**WHAT TO DO**
Return all lines of the records that contain the word "Cherry".

Crawled caption data:
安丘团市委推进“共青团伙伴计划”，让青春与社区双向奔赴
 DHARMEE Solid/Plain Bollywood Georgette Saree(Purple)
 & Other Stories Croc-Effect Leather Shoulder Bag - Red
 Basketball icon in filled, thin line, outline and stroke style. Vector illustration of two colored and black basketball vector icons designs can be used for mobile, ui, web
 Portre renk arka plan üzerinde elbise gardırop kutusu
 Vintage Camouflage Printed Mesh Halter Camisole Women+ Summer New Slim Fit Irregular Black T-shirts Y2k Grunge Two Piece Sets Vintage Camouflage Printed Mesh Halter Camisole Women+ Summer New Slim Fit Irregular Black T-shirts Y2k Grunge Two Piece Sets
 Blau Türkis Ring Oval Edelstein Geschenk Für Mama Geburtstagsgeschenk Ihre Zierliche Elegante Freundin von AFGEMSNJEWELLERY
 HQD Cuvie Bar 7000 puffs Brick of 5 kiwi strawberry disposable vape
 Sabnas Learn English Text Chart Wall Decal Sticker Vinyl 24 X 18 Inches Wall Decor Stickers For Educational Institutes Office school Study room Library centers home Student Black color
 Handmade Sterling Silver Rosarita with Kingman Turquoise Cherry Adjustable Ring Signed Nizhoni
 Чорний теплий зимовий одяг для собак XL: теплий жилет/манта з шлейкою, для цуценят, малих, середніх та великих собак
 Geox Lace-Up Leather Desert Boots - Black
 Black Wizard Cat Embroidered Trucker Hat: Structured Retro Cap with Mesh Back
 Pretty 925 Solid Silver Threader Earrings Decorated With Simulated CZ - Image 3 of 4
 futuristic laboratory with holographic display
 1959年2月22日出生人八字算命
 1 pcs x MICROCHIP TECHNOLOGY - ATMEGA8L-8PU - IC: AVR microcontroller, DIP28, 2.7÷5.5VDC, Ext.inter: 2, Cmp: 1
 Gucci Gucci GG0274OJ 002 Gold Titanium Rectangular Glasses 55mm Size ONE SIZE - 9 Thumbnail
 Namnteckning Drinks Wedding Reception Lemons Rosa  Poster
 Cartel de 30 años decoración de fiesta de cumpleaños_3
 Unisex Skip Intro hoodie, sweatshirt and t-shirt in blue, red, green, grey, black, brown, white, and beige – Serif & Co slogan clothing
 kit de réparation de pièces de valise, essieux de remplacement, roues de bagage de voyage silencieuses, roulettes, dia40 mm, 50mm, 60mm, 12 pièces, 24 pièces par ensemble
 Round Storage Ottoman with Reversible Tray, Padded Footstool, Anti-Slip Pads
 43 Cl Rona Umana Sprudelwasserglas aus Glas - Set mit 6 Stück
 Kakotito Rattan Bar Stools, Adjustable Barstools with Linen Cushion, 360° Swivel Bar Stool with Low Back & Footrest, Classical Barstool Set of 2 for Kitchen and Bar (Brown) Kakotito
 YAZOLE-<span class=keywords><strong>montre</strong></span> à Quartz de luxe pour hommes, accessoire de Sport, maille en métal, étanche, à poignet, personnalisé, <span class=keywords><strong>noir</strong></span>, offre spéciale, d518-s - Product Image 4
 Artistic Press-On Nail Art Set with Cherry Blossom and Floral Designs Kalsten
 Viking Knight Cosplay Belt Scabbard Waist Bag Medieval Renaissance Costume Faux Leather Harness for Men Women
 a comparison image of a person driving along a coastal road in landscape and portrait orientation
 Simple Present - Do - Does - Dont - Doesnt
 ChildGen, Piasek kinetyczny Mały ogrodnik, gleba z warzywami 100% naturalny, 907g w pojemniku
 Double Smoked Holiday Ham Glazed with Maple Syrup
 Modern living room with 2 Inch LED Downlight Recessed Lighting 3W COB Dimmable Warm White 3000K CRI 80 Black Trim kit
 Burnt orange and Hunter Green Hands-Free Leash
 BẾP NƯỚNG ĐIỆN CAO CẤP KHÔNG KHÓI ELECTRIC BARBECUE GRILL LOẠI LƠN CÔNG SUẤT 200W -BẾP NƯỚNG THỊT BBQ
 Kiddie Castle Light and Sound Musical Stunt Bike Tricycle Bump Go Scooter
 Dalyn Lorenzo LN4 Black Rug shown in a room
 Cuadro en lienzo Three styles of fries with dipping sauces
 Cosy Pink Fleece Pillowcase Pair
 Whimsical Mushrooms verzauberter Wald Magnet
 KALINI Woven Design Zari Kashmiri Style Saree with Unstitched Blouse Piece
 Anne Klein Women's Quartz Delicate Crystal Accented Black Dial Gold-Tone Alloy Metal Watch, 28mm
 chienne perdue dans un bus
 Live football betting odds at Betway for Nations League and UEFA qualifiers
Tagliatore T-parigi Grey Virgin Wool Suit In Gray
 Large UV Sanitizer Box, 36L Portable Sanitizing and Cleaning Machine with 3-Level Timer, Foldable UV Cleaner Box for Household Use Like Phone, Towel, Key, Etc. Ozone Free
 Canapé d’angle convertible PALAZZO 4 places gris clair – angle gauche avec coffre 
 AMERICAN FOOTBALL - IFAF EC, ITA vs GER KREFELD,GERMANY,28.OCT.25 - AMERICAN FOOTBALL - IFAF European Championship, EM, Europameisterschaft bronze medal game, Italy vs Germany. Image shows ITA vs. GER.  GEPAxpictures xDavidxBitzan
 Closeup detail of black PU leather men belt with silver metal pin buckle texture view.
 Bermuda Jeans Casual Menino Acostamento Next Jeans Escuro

**RESPONSE BOX**
 Handmade Sterling Silver Rosarita with Kingman Turquoise Cherry Adjustable Ring Signed Nizhoni
 Artistic Press-On Nail Art Set with Cherry Blossom and Floral Designs Kalsten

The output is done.